Skip all pictures. Write out the data below from its first line through the line that contains "Moteanimasjon Baby Barn".

Web page caption snippets:
============================================================

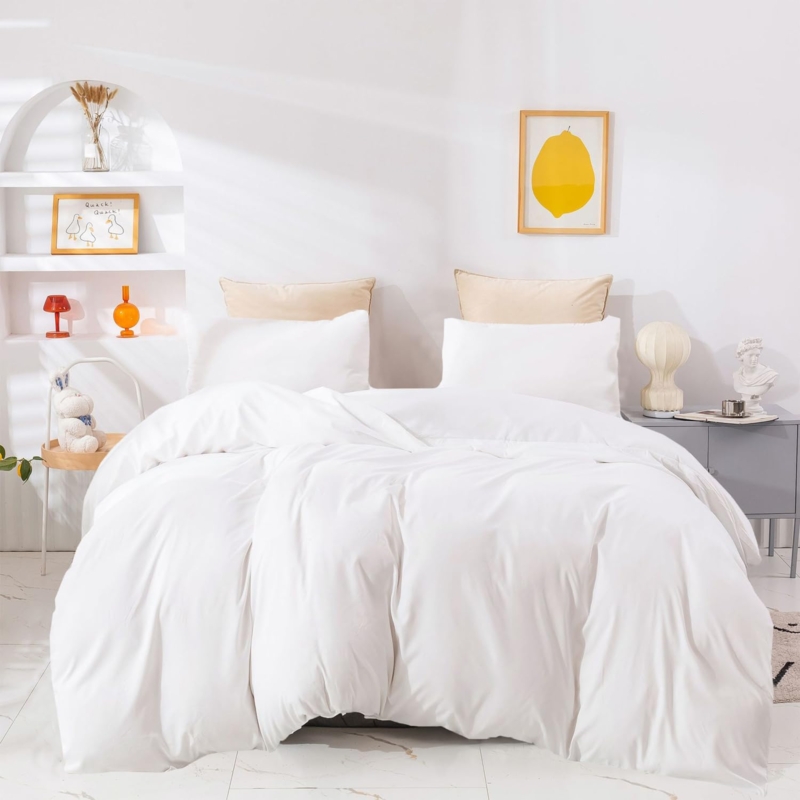 Comforter Set White Diamond Box Stitching Minimalist Airy Quilt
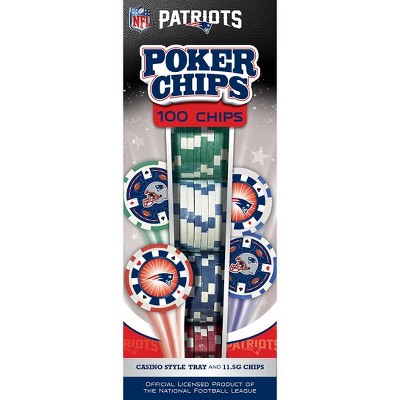 MasterPieces Casino 100 Piece Poker Chip Set - NFL New England Patriots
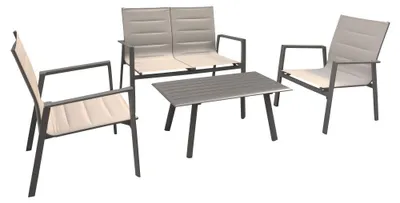Immagine prodotto di Set Salotto da Giardino Divano 2 Poltrone e Tavolino in Alluminio Taupe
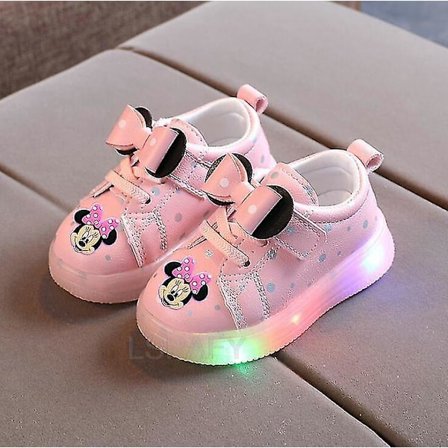 Moteanimasjon Baby Barn Lysende Joggesko Gutter Sko Chaussure Enfant Minnie Mus Jentesko Med LED-lys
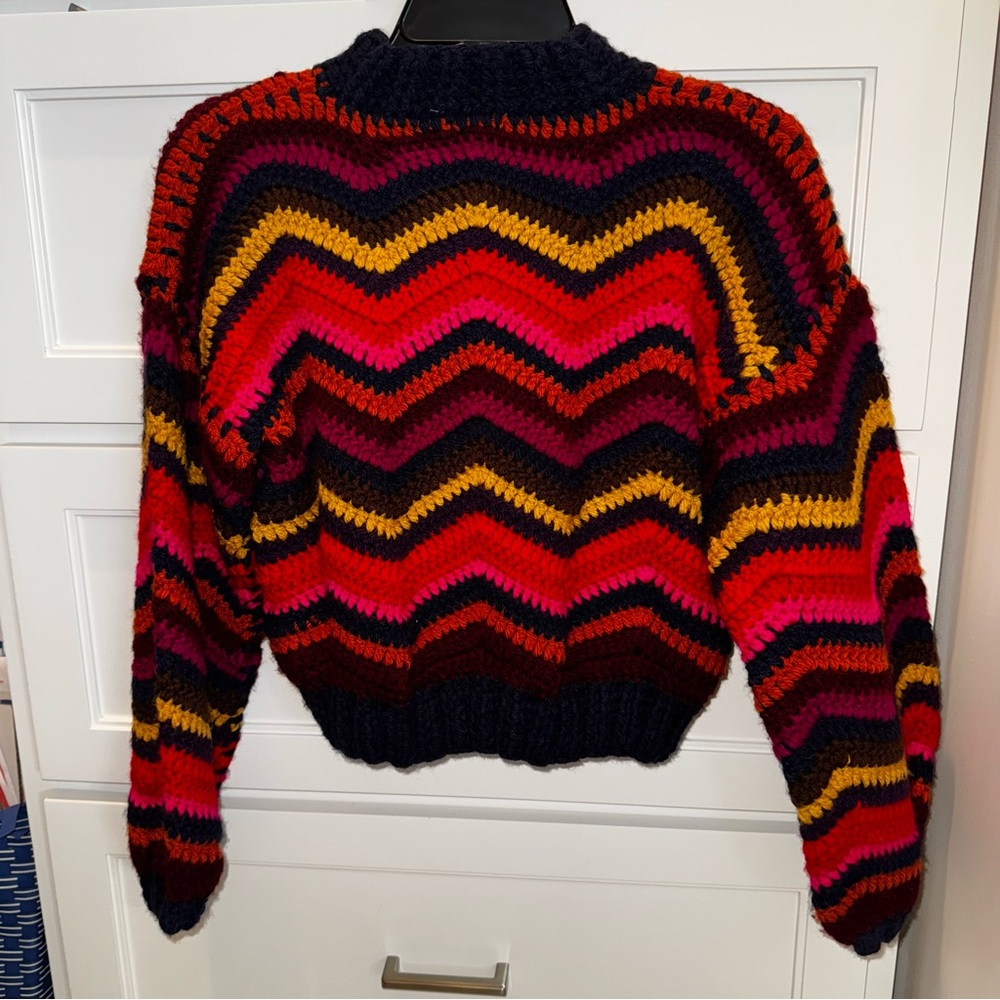 Farm Rio Colorful Waves Crochet Sweater XXS - Picture 8 of 11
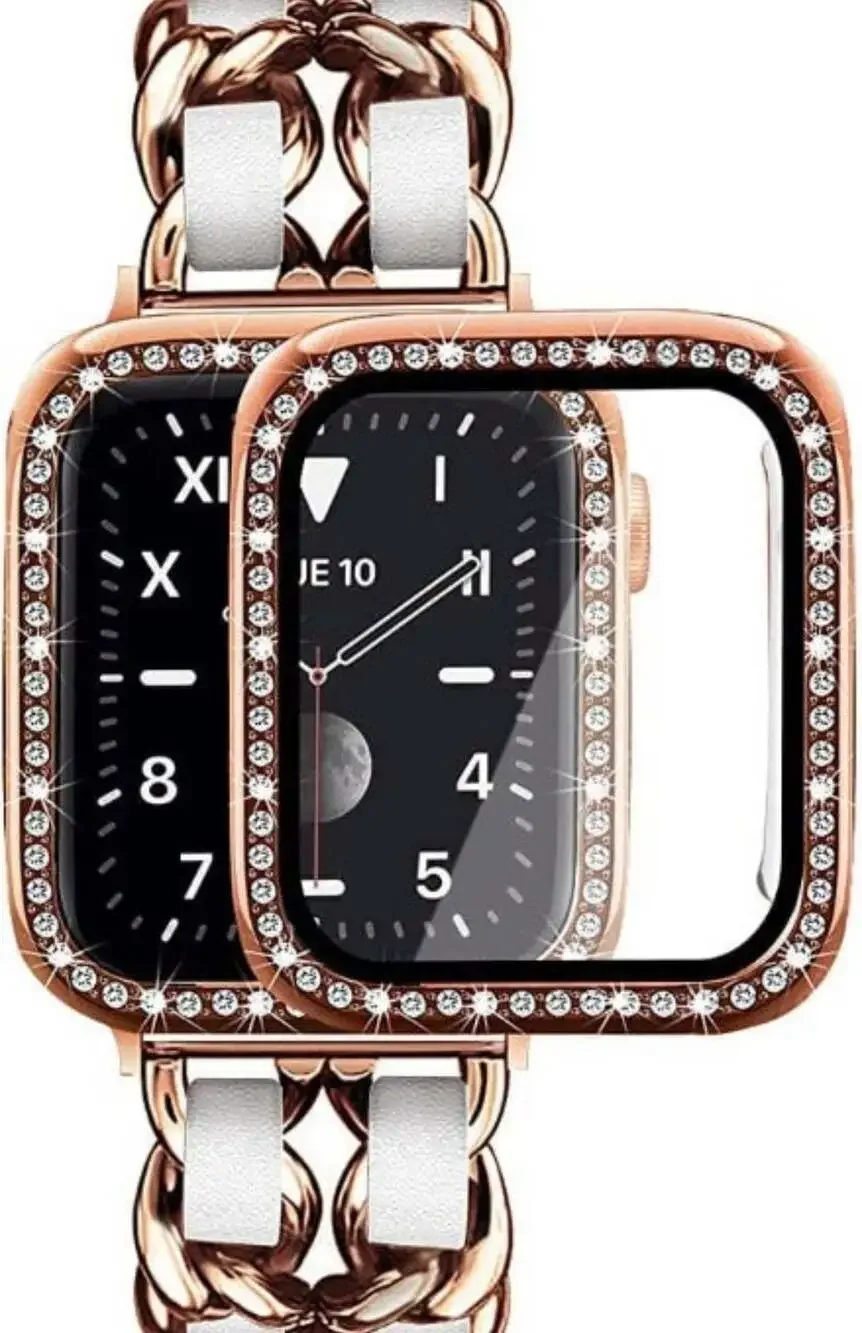 Bling Case Cover Compatible Apple Watch Band 44mm Series 6/5/4 silver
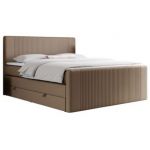 Łóżko kontynentalne KING DOREN 140x200 - H3 - brązowy, ekoskóra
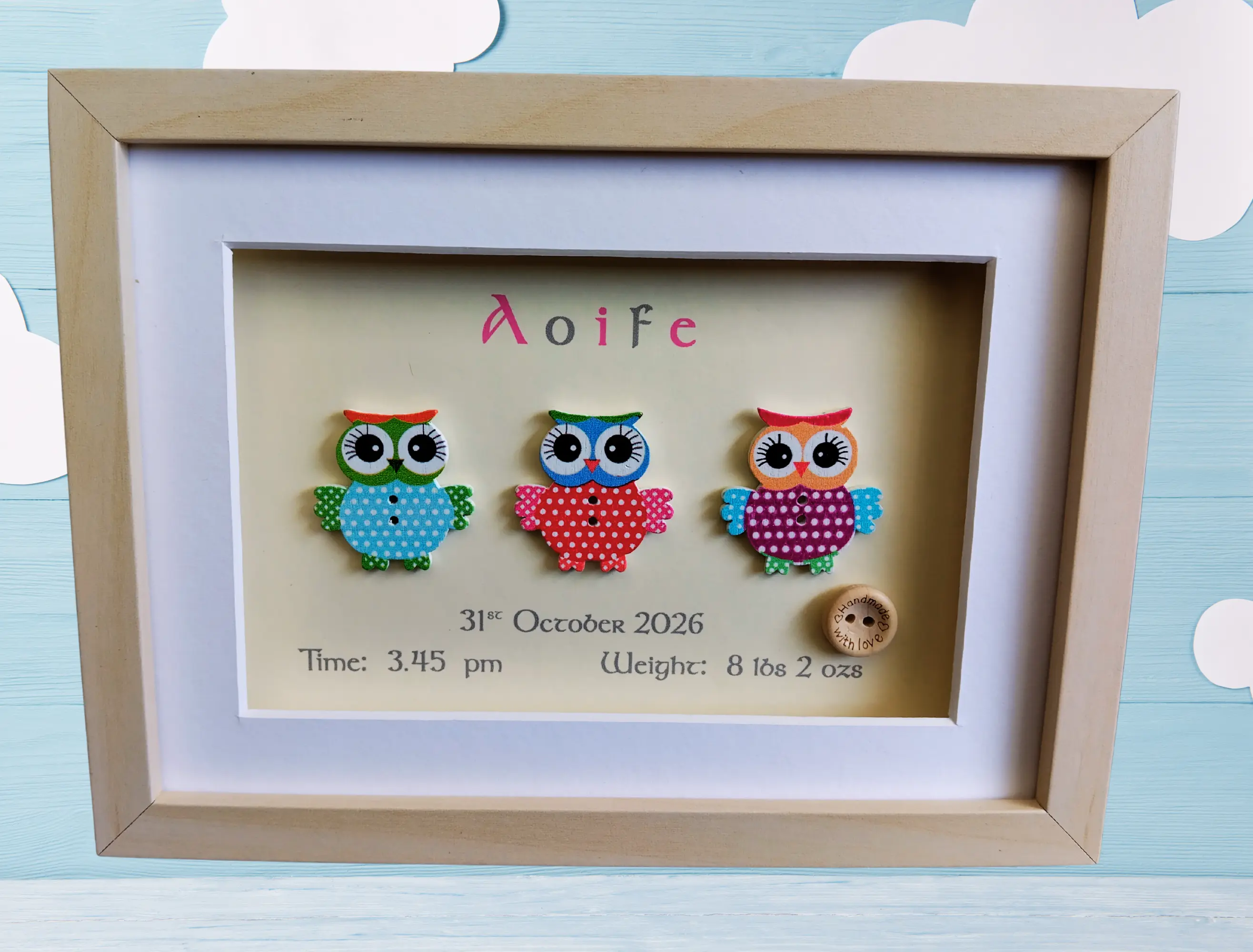 Cute baby girl owl frame personalised with name date weight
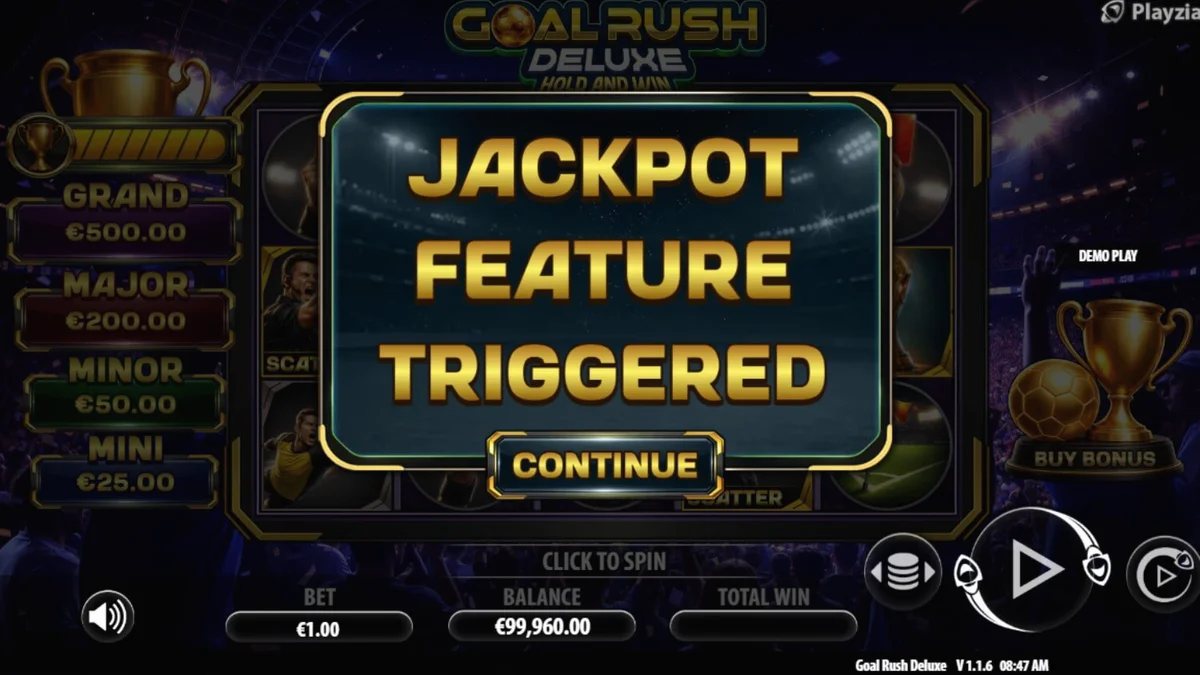 Tampilan visual permainan slot Goal Rush Deluxe Hold and Win dengan tema stadion sepak bola.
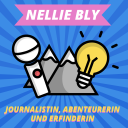 Episodenbild vom MDR TWEENS Podcast Magisches Mikro auf dem ein Mikro, Berge und Glühlampe abgebildet sind und die Schrift "Nellie Bly, Journalistin, Abenteurerin und Erfinderin"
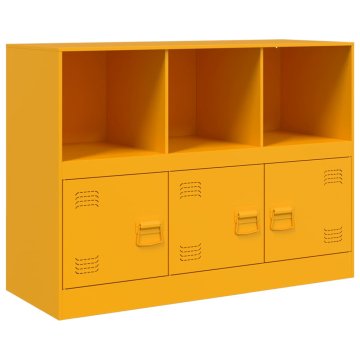 Vidaxl Komoda gorčično rumena 99x39x73 cm jeklo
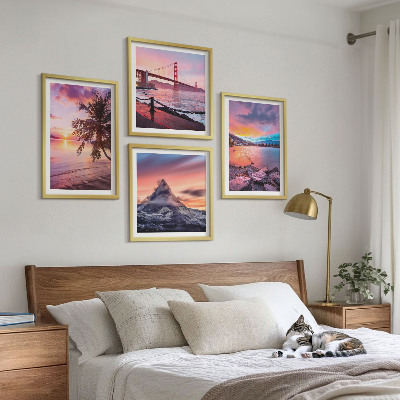 Polyptychon mit rahmen Sonnenuntergangsbrücke Landschaft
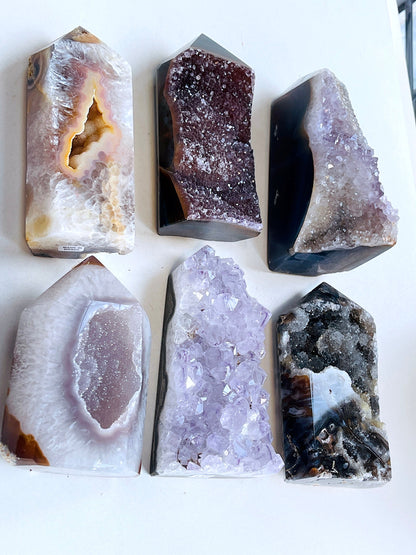 Agate Geode Tower, Premium Quality Agate Druzy Tower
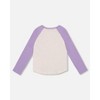 Deux par Deux Girl Jersey Raglan Sleeve Tee Lavender - 3 of 4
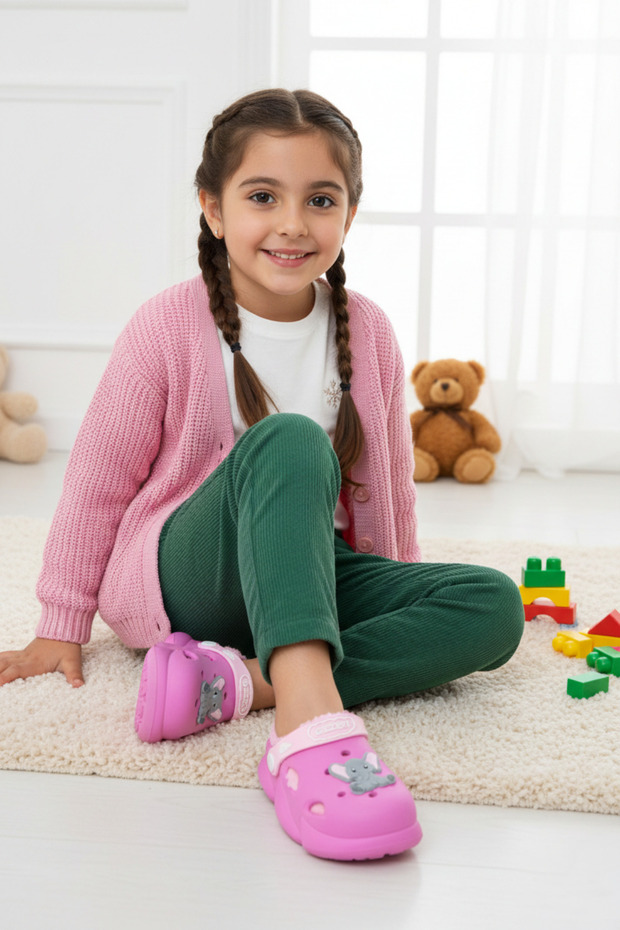 16204 Girl's Winter Eva Plush Home Garden Nursery Slippers Sandals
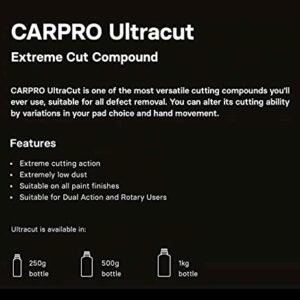 CARPRO UltraCut - 500ml - Extreme Cut Compound, Low Dusting, Minimal Hazing, for Rotary or DA Polishing with Long Work Time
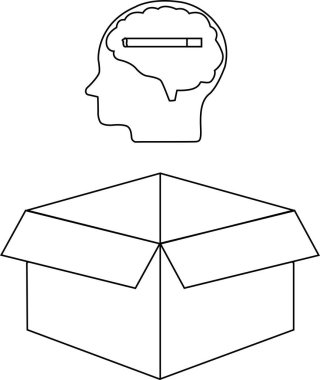 Yaratıcı bir konsept, beyni ve kutusu olan bir kafayı gösteriyor, kutunun dışında düşünme ve yenilikleri temsil ediyor..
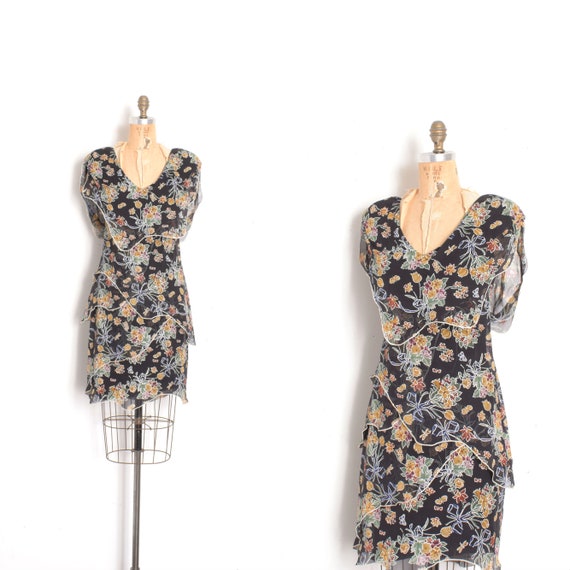 Vintage 1980s Dress / 80s Holly Harp Layered Flora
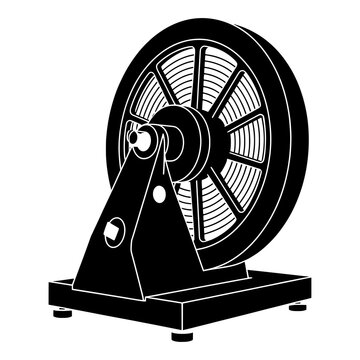 Large reel with coiled cable or rope on industrial stand.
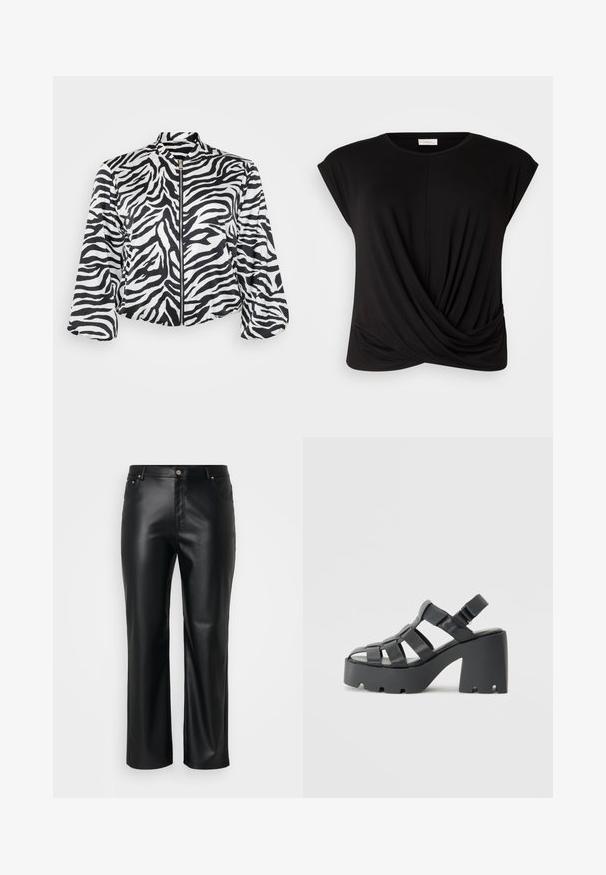 Čierno-biela skrátená bunda so zebrovým vzorom, s stojacím golierom a predným zipsom. Vyrobená z ľahkej, hladkej tkaniny.; Čierne tričko s okrúhlym výstrihom, rukávmi po pleciach a prekrúteným predným detailom pre zvýraznenie textúry. Vyrobené z jemnej, elastickej látky.; Čierne nohavice z imitácie kože so strihom do priamky, vybavené pútkami na opasok, prednými vreckami a zipsom s gombíkovým zapínaním. Hladká textúra.; Čierne platformové sandále s robustným podpätkom, širokými remienkami, otvorenou špičkou, nastaviteľným remienkom okolo členka a textúrovanou základňou.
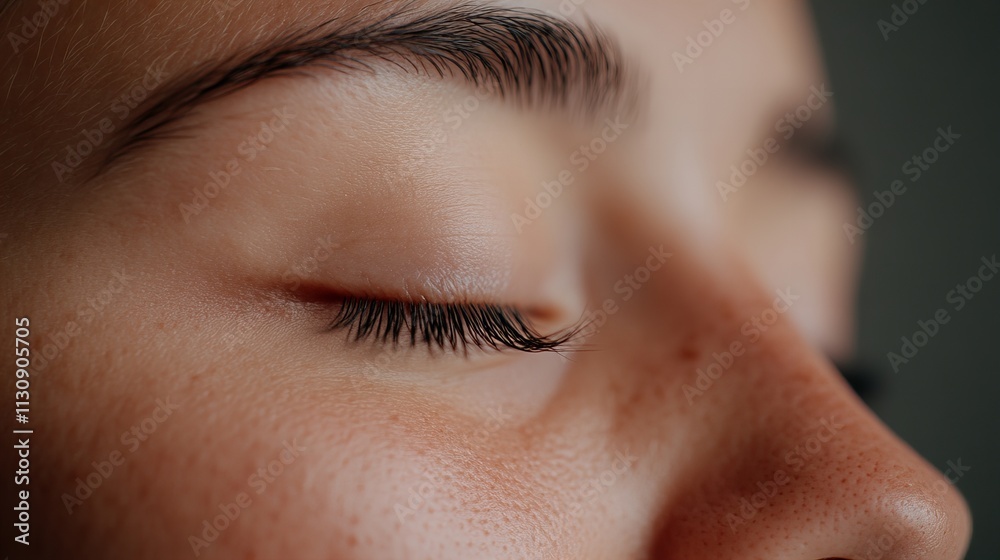 Obraz premium Close-up of a young woman's eye with long lashes, showcasing natural beauty and detailed skin texture.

============================================================

**Written response**
 Comforter Set White Diamond Box Stitching Minimalist Airy Quilt
 MasterPieces Casino 100 Piece Poker Chip Set - NFL New England Patriots
Immagine prodotto di Set Salotto da Giardino Divano 2 Poltrone e Tavolino in Alluminio Taupe
 Moteanimasjon Baby Barn Lysende Joggesko Gutter Sko Chaussure Enfant Minnie Mus Jentesko Med LED-lys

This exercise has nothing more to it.